Monday 8 November 2021

Mediaeval Japan

 Here are some more photos of the buildings I made in my "turning Japanese" phase of the mid-1980's. These images are of a multi-storey temple, walls and village houses, arranged into scenes and posed with figures from various sources including home sculpted. The photos were taken somewhat later, when I had acquired a trusty piece of "foreground" in the shape of a slab of mounting card textured with earth and grass. The blue background works better when the "join" is well concealed, although the final shot disconcertingly portrays the back garden of my old house!

I am working through the image mountain in something like chronological order. Naturally the later models are noticeably better than these early ones, but I will try to explain the progression of my methods, and mistakes that I learned to avoid, which I hope will be of interest to those wanting to build their own models. 

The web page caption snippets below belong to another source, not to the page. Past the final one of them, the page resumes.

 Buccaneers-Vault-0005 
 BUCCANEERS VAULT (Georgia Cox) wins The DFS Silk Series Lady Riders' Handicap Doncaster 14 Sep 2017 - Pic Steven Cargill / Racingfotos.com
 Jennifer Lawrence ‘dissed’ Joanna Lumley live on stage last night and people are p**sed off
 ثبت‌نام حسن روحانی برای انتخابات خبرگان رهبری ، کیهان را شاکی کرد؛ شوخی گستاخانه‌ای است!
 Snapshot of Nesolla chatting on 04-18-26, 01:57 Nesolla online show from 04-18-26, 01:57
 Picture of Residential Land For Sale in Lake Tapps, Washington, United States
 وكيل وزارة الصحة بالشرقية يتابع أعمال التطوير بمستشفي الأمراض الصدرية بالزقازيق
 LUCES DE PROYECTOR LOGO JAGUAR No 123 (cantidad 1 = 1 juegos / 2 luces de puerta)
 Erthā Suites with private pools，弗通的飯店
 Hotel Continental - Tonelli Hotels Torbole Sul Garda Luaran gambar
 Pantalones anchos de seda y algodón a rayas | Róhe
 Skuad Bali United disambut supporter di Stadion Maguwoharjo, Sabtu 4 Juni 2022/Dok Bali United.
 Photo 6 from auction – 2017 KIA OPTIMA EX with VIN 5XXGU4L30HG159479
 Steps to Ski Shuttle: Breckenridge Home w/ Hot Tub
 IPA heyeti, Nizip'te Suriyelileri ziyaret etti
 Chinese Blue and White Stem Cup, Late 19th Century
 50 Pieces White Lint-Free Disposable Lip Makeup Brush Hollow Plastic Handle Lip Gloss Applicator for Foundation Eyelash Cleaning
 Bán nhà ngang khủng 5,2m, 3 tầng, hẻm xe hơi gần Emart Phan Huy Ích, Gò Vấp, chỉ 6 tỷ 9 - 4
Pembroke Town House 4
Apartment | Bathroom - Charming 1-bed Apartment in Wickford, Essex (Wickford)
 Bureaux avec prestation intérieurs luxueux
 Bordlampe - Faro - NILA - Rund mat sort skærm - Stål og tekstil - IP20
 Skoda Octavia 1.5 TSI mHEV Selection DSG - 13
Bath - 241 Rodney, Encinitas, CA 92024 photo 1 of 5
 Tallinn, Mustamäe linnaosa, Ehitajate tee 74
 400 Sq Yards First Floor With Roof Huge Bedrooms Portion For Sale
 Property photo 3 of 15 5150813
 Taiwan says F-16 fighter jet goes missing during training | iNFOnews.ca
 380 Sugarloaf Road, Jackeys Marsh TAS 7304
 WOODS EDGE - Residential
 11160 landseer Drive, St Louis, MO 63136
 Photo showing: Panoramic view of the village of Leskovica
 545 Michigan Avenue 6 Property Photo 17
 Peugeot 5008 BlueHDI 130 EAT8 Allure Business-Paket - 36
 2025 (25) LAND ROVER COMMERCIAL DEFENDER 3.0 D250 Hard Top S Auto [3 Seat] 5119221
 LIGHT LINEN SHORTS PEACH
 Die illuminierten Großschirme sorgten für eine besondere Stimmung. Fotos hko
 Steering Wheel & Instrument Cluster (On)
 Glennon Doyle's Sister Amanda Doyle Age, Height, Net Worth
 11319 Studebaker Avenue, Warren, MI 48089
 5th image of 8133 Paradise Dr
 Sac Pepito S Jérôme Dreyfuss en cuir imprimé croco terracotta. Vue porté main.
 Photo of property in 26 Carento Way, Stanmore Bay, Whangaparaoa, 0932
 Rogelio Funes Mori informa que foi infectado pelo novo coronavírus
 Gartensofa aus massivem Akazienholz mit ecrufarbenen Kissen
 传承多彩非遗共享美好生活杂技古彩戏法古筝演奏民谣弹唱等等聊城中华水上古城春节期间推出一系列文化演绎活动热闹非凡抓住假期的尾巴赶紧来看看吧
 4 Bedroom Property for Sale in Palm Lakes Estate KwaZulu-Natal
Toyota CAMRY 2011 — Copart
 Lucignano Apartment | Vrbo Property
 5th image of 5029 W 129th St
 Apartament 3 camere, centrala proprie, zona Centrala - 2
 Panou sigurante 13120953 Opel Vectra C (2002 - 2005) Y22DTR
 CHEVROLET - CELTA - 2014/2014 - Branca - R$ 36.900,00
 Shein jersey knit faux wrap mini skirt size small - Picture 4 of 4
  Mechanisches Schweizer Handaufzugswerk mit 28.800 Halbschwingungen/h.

With these examples, the Linka cast plaster sheets of stone and tile were being replaced by the much better Wills plastic sheets. The thatched roofs were made in the way pioneered by Ian Weekley, based on plumber's lagging felt glued down strongly to card. That is then soaked in thinned household filler and firmly brushed/ combed down. The resultant shaggy mess is then trimmed neatly with scissors and scalpel. Nowadays everyone uses this method with "teddy bear fur" instead of the felt, but the old material worked OK for thick, rough thatch. I seem to remember I painted these roofs with very thin washes of brown and black oil paint. It took ages to dry and smelt like hell, but the effect looks real enough. Actual thatched roofs aren't yellowish at all but grey-brown when new and dark grey for the older ones. 

One big mistake in the building of the temple was how I constructed the platform "fences". I used balsa. fixed together with UHU glue. Now I still use UHU a lot and it's great for sticking card and all sorts of materials, but balsa isn't one of them! I only have to take this temple out of its box and there are breakages every time. The fences are horribly fragile. Wood glue would have worked better, and pins could have reinforced the arrangement, but balsa also isn't robust enough for this kind of structure. I did make a rather picturesque Japanese bridge by this method a few years later, but the same problem defeated me in the end: it was coming apart so fast it never got completed! Later models would avoid this mistake, but that's for the next post.


  1. Your Japanese structures are works of art, John. Super job and a pleasure to see.

  2. Thankyou guys, I've got one more most of Japanese stuff to go and then I'm done on that front. I would like to have another go at wargaming Samurai warfare some time in the future, not least for the excuse to build a really good castle, using the skills I have learned over the decades since those first efforts.

  3. More fantastic work - I am currently in a "Pulp" phase and painting up some different nationalities including several Asian ones (Chinese and Japanese) I would love to be able to create scenery of this standard - simply outstanding!

  4. I remember Linka moulds, although I never used them. I think the plumbers hemp thatch looks great and frankly better than most fur fabric.